Great wheel to fly: 64 teeth driving an 8 pin birdcage; second (hoop) wheel 64 teeth driving an 8 leaf pinion on the fly. So each turn of the great wheel makes the fly turn 64 times, or 8 turns of the fly per strike of the clock (as the great wheel has 8 striking pins).

Great wheel to count wheel: 8 tooth pinion to internal 78 teeth on count wheel, with 8 striking pins on the great wheel. This directly corresponds with the 78 strikes the clock will make in 12 hours (1 + 2 + 3 + 4 + 5 + 6 + 7 + 8 + 9 + 10 + 11 + 12 = 78). The count wheel turns once every 12 hours, so the great wheel turns 9.75 times, operating the strike lever thus 9.75 × 8 = 78 times.

Seen from the striking train side, the great wheel with the winding barrel turns clockwise, the hoop wheel anti-clockwise, the count wheel clockwise, and the fly clockwise.
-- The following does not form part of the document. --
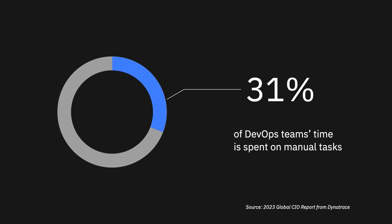However, a report reveals that development teams spend 31% of their time on manual tasks such as detecting code quality issues, vulnerabilities, manual analysis, and reviews, reducing the time spent on innovation.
The count wheel only appears to have 11 notches, but the clock strikes 12 times each complete turn. This is because the first strike (when the clock strikes one) is executed whilst the lever is still within the first, wider, notch. The locking piece is lifted out of the hoop of the hoop wheel, which then turns once, which leads to the great wheel turning 1/8 and striking once. Then the locking piece falls back into the hoop wheel. The fly will continue to turn until it stops gently on his own as it has a ratchet mechanism, which protects the bird cage on the fly arbor.